EPA, Corps release Clean Water Act guidance
The U.S. Environmental Protection Agency (EPA) and the U.S. Army Corps of Engineers have developed draft guidance for determining whether a waterway, water body, or wetland is protected by the Clean Water Act (CWA). The guidance is meant to clear up confusion caused by past Supreme Court decisions over what waters fell under CWA, according to EPA.
The U.S. Environmental Protection Agency (EPA) and the U.S. Army Corps of Engineers have developed draft guidance for determining whether a waterway, water body or wetland is protected by the Clean Water Act (CWA).
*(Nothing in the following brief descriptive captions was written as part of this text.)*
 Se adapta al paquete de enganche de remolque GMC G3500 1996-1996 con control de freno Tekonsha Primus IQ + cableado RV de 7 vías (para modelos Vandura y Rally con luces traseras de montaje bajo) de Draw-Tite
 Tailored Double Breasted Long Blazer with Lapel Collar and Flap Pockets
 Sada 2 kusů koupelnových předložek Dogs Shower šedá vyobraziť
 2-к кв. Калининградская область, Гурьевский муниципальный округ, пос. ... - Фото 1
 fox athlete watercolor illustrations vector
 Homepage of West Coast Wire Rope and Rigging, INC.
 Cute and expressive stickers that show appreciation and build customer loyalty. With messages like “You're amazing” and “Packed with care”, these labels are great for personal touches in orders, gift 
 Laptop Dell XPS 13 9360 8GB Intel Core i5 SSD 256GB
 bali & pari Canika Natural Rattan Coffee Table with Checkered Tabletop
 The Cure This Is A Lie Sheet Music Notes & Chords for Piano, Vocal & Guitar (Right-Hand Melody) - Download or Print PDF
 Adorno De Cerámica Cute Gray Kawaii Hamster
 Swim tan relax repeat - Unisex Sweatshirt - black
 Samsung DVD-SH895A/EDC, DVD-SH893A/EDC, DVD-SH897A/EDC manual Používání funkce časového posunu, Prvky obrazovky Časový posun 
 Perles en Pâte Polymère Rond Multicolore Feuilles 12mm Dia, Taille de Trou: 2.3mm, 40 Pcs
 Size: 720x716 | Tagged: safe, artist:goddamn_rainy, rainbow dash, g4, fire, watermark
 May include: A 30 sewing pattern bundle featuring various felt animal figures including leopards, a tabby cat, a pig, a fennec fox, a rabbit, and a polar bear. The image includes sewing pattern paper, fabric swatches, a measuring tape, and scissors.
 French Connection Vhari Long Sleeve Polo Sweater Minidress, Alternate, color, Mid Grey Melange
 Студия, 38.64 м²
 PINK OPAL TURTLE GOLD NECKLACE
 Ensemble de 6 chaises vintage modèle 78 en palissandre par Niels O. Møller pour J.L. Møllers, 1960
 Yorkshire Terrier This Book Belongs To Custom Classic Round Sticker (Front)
The guidance is meant to clear up confusion caused by past Supreme Court decisions over which waters fall under CWA, according to EPA.
The newly released guidance would replace previous guidance and will provide clearer, more predictable guidelines for determining which water bodies are protected by the CWA, according to EPA. It would include:
- Clarification that small streams and streams that flow part of the year are protected under the CWA if they have a physical, chemical or biological connection to larger bodies of water downstream and could affect the integrity of those downstream waters;
- Acknowledgment that when a water body does not have a surface connection to an interstate water or a traditional navigable water, but there is a significant physical, chemical or biological connection between the two, both water bodies should be protected under the CWA;
- Recognition that water bodies may be “traditional navigable waters” and subject to CWA protections under a wider range of circumstances than identified in previous guidance; and
- Clarification that interstate waters (crossing state borders) are protected.
However, the new guidance does not change any of the existing agriculture exemptions under the CWA, such as exemptions from permitting requirements for normal agriculture, forestry and ranching practices. The guidance also describes waters not regulated under the act, including certain artificially irrigated areas, many agricultural and roadside ditches, and artificial lakes or ponds, including farm and stock ponds.
For the past couple of years, some local government officials had been concerned about a proposed legislation called the Clean Water Restoration Act (CWRA), which would rewrite CWA to exclude the term “navigable” from the definition of waters that fall under federal jurisdiction. However, the CWRA has languished in Congress without a vote.